Available data:
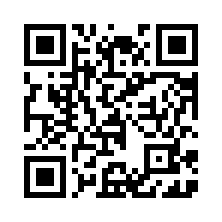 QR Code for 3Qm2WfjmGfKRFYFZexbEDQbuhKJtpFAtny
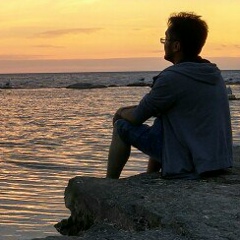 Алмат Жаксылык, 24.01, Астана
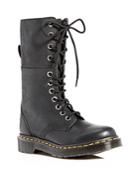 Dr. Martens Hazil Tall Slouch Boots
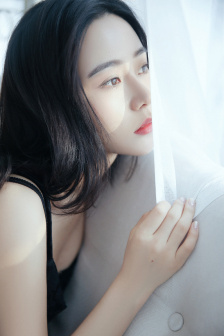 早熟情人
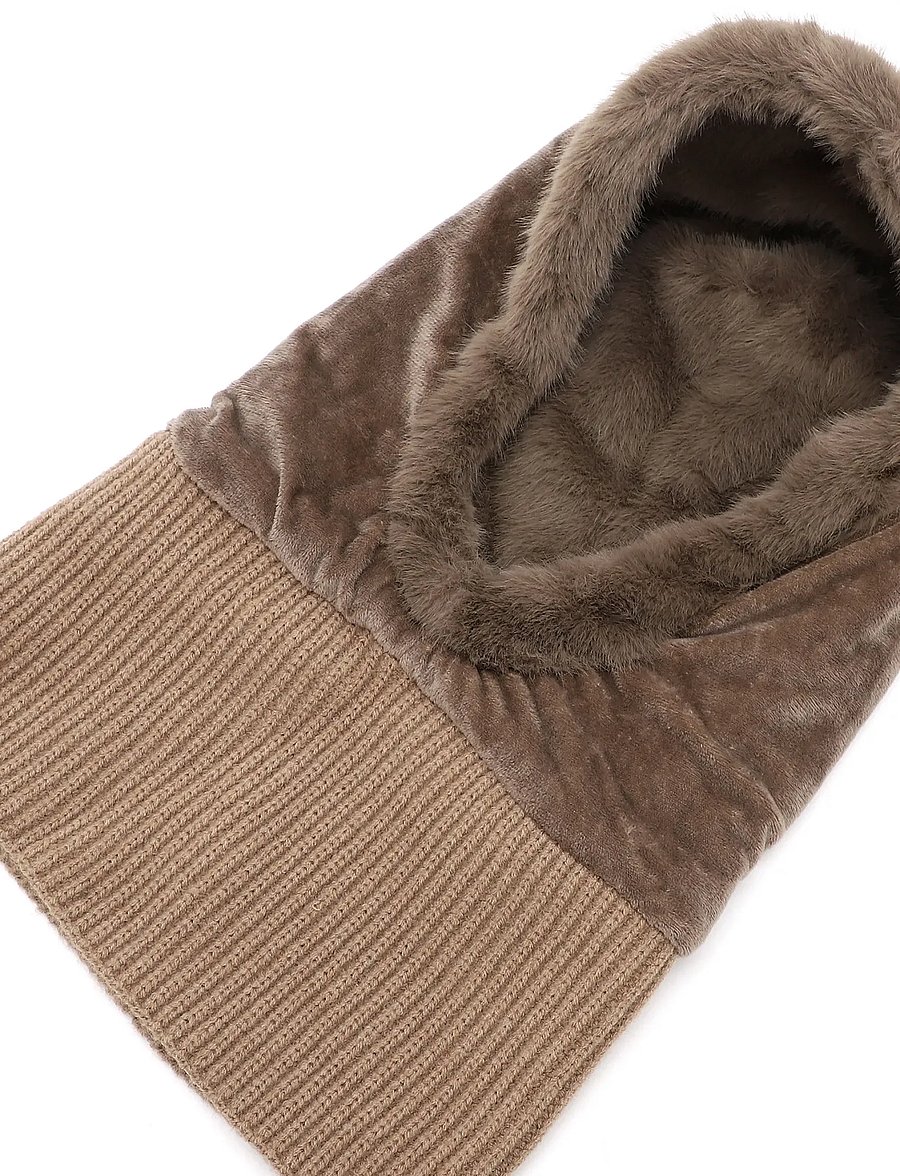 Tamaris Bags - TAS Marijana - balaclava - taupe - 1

Activity:
When pictures appear among the entries, skip them and copy all remaining text precisely.

Solution:
 QR Code for 3Qm2WfjmGfKRFYFZexbEDQbuhKJtpFAtny
 Алмат Жаксылык, 24.01, Астана
 Dr. Martens Hazil Tall Slouch Boots
 早熟情人
 Tamaris Bags - TAS Marijana - balaclava - taupe - 1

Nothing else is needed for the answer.